# [EXERCISE GOAL]
Retype every entry exactly, down to the last character.

# [TASK MATERIAL]
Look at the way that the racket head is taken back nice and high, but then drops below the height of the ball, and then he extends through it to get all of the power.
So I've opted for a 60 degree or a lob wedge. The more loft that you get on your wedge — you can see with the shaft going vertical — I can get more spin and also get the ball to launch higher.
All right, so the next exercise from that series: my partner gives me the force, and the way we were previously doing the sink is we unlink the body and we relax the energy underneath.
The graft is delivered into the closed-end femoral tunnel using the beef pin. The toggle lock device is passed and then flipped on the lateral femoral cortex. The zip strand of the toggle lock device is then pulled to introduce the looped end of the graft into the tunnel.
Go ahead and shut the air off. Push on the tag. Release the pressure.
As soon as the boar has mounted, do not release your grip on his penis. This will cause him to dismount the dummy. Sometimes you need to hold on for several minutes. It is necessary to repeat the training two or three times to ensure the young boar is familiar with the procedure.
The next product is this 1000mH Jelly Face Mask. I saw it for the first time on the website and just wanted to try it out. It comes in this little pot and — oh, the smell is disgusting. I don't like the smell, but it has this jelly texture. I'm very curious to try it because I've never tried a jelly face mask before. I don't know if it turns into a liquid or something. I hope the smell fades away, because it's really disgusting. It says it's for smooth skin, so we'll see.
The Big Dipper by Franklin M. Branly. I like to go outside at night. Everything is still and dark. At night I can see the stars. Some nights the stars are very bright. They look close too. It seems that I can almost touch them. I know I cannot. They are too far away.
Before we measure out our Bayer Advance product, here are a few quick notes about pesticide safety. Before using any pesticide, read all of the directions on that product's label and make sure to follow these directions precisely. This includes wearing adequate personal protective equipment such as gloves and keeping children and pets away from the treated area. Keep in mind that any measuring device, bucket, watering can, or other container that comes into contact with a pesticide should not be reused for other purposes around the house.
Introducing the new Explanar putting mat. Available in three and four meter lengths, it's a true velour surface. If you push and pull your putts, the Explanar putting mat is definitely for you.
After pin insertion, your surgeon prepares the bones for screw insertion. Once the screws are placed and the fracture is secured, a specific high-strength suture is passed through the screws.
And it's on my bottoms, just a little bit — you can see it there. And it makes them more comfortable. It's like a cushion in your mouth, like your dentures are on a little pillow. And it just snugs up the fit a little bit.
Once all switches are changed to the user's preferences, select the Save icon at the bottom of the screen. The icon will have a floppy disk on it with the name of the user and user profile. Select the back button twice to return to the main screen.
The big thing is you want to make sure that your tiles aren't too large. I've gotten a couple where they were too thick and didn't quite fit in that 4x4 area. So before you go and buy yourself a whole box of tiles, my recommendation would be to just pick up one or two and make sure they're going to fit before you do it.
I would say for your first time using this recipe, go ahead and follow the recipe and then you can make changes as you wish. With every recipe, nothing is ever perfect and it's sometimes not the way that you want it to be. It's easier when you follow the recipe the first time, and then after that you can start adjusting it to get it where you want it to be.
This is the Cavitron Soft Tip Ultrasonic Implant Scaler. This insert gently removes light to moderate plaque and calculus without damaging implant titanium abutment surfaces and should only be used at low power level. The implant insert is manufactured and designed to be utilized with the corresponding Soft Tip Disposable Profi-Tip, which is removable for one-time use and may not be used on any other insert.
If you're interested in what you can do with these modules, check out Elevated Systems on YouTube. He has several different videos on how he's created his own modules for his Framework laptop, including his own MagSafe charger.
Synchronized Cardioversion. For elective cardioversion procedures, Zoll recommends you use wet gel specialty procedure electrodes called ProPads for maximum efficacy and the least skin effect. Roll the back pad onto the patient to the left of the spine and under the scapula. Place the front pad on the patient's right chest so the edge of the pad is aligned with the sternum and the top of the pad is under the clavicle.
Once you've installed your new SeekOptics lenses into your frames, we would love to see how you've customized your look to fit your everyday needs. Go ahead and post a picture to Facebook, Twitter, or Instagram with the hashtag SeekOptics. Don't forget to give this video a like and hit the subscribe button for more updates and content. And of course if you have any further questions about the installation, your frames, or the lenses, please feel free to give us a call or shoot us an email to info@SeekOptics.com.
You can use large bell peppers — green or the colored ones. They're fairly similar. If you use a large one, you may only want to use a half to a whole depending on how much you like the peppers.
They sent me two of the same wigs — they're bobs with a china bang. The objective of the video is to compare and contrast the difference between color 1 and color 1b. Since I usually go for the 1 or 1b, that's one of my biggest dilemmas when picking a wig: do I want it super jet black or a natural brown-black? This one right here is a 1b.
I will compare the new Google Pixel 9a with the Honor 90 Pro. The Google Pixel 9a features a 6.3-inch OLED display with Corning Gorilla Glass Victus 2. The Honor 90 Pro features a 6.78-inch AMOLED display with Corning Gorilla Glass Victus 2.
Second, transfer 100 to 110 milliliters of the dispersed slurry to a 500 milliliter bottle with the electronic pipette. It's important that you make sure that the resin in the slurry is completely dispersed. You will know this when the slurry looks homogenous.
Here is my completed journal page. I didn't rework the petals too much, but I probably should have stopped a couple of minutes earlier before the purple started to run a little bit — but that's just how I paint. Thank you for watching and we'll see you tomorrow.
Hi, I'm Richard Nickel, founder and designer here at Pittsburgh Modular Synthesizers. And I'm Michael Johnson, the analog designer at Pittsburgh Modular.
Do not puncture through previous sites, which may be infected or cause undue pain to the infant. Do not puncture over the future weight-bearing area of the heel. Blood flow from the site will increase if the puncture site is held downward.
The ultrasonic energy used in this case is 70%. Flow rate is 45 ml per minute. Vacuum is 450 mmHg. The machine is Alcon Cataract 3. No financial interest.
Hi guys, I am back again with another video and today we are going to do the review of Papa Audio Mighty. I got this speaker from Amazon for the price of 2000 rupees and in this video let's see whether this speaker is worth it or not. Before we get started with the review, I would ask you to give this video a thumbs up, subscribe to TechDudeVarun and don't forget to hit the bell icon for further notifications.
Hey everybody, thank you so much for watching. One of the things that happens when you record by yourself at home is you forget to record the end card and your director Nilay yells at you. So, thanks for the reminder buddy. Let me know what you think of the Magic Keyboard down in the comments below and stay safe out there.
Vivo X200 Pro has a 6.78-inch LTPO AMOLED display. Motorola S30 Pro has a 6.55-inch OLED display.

# [WRITTEN RESPONSE]
Look at the way that the racket head is taken back nice and high, but then drops below the height of the ball, and then he extends through it to get all of the power.
So I've opted for a 60 degree or a lob wedge. The more loft that you get on your wedge — you can see with the shaft going vertical — I can get more spin and also get the ball to launch higher.
All right, so the next exercise from that series: my partner gives me the force, and the way we were previously doing the sink is we unlink the body and we relax the energy underneath.
The graft is delivered into the closed-end femoral tunnel using the beef pin. The toggle lock device is passed and then flipped on the lateral femoral cortex. The zip strand of the toggle lock device is then pulled to introduce the looped end of the graft into the tunnel.
Go ahead and shut the air off. Push on the tag. Release the pressure.
As soon as the boar has mounted, do not release your grip on his penis. This will cause him to dismount the dummy. Sometimes you need to hold on for several minutes. It is necessary to repeat the training two or three times to ensure the young boar is familiar with the procedure.
The next product is this 1000mH Jelly Face Mask. I saw it for the first time on the website and just wanted to try it out. It comes in this little pot and — oh, the smell is disgusting. I don't like the smell, but it has this jelly texture. I'm very curious to try it because I've never tried a jelly face mask before. I don't know if it turns into a liquid or something. I hope the smell fades away, because it's really disgusting. It says it's for smooth skin, so we'll see.
The Big Dipper by Franklin M. Branly. I like to go outside at night. Everything is still and dark. At night I can see the stars. Some nights the stars are very bright. They look close too. It seems that I can almost touch them. I know I cannot. They are too far away.
Before we measure out our Bayer Advance product, here are a few quick notes about pesticide safety. Before using any pesticide, read all of the directions on that product's label and make sure to follow these directions precisely. This includes wearing adequate personal protective equipment such as gloves and keeping children and pets away from the treated area. Keep in mind that any measuring device, bucket, watering can, or other container that comes into contact with a pesticide should not be reused for other purposes around the house.
Introducing the new Explanar putting mat. Available in three and four meter lengths, it's a true velour surface. If you push and pull your putts, the Explanar putting mat is definitely for you.
After pin insertion, your surgeon prepares the bones for screw insertion. Once the screws are placed and the fracture is secured, a specific high-strength suture is passed through the screws.
And it's on my bottoms, just a little bit — you can see it there. And it makes them more comfortable. It's like a cushion in your mouth, like your dentures are on a little pillow. And it just snugs up the fit a little bit.
Once all switches are changed to the user's preferences, select the Save icon at the bottom of the screen. The icon will have a floppy disk on it with the name of the user and user profile. Select the back button twice to return to the main screen.
The big thing is you want to make sure that your tiles aren't too large. I've gotten a couple where they were too thick and didn't quite fit in that 4x4 area. So before you go and buy yourself a whole box of tiles, my recommendation would be to just pick up one or two and make sure they're going to fit before you do it.
I would say for your first time using this recipe, go ahead and follow the recipe and then you can make changes as you wish. With every recipe, nothing is ever perfect and it's sometimes not the way that you want it to be. It's easier when you follow the recipe the first time, and then after that you can start adjusting it to get it where you want it to be.
This is the Cavitron Soft Tip Ultrasonic Implant Scaler. This insert gently removes light to moderate plaque and calculus without damaging implant titanium abutment surfaces and should only be used at low power level. The implant insert is manufactured and designed to be utilized with the corresponding Soft Tip Disposable Profi-Tip, which is removable for one-time use and may not be used on any other insert.
If you're interested in what you can do with these modules, check out Elevated Systems on YouTube. He has several different videos on how he's created his own modules for his Framework laptop, including his own MagSafe charger.
Synchronized Cardioversion. For elective cardioversion procedures, Zoll recommends you use wet gel specialty procedure electrodes called ProPads for maximum efficacy and the least skin effect. Roll the back pad onto the patient to the left of the spine and under the scapula. Place the front pad on the patient's right chest so the edge of the pad is aligned with the sternum and the top of the pad is under the clavicle.
Once you've installed your new SeekOptics lenses into your frames, we would love to see how you've customized your look to fit your everyday needs. Go ahead and post a picture to Facebook, Twitter, or Instagram with the hashtag SeekOptics. Don't forget to give this video a like and hit the subscribe button for more updates and content. And of course if you have any further questions about the installation, your frames, or the lenses, please feel free to give us a call or shoot us an email to info@SeekOptics.com.
You can use large bell peppers — green or the colored ones. They're fairly similar. If you use a large one, you may only want to use a half to a whole depending on how much you like the peppers.
They sent me two of the same wigs — they're bobs with a china bang. The objective of the video is to compare and contrast the difference between color 1 and color 1b. Since I usually go for the 1 or 1b, that's one of my biggest dilemmas when picking a wig: do I want it super jet black or a natural brown-black? This one right here is a 1b.
I will compare the new Google Pixel 9a with the Honor 90 Pro. The Google Pixel 9a features a 6.3-inch OLED display with Corning Gorilla Glass Victus 2. The Honor 90 Pro features a 6.78-inch AMOLED display with Corning Gorilla Glass Victus 2.
Second, transfer 100 to 110 milliliters of the dispersed slurry to a 500 milliliter bottle with the electronic pipette. It's important that you make sure that the resin in the slurry is completely dispersed. You will know this when the slurry looks homogenous.
Here is my completed journal page. I didn't rework the petals too much, but I probably should have stopped a couple of minutes earlier before the purple started to run a little bit — but that's just how I paint. Thank you for watching and we'll see you tomorrow.
Hi, I'm Richard Nickel, founder and designer here at Pittsburgh Modular Synthesizers. And I'm Michael Johnson, the analog designer at Pittsburgh Modular.
Do not puncture through previous sites, which may be infected or cause undue pain to the infant. Do not puncture over the future weight-bearing area of the heel. Blood flow from the site will increase if the puncture site is held downward.
The ultrasonic energy used in this case is 70%. Flow rate is 45 ml per minute. Vacuum is 450 mmHg. The machine is Alcon Cataract 3. No financial interest.
Hi guys, I am back again with another video and today we are going to do the review of Papa Audio Mighty. I got this speaker from Amazon for the price of 2000 rupees and in this video let's see whether this speaker is worth it or not. Before we get started with the review, I would ask you to give this video a thumbs up, subscribe to TechDudeVarun and don't forget to hit the bell icon for further notifications.
Hey everybody, thank you so much for watching. One of the things that happens when you record by yourself at home is you forget to record the end card and your director Nilay yells at you. So, thanks for the reminder buddy. Let me know what you think of the Magic Keyboard down in the comments below and stay safe out there.
Vivo X200 Pro has a 6.78-inch LTPO AMOLED display. Motorola S30 Pro has a 6.55-inch OLED display.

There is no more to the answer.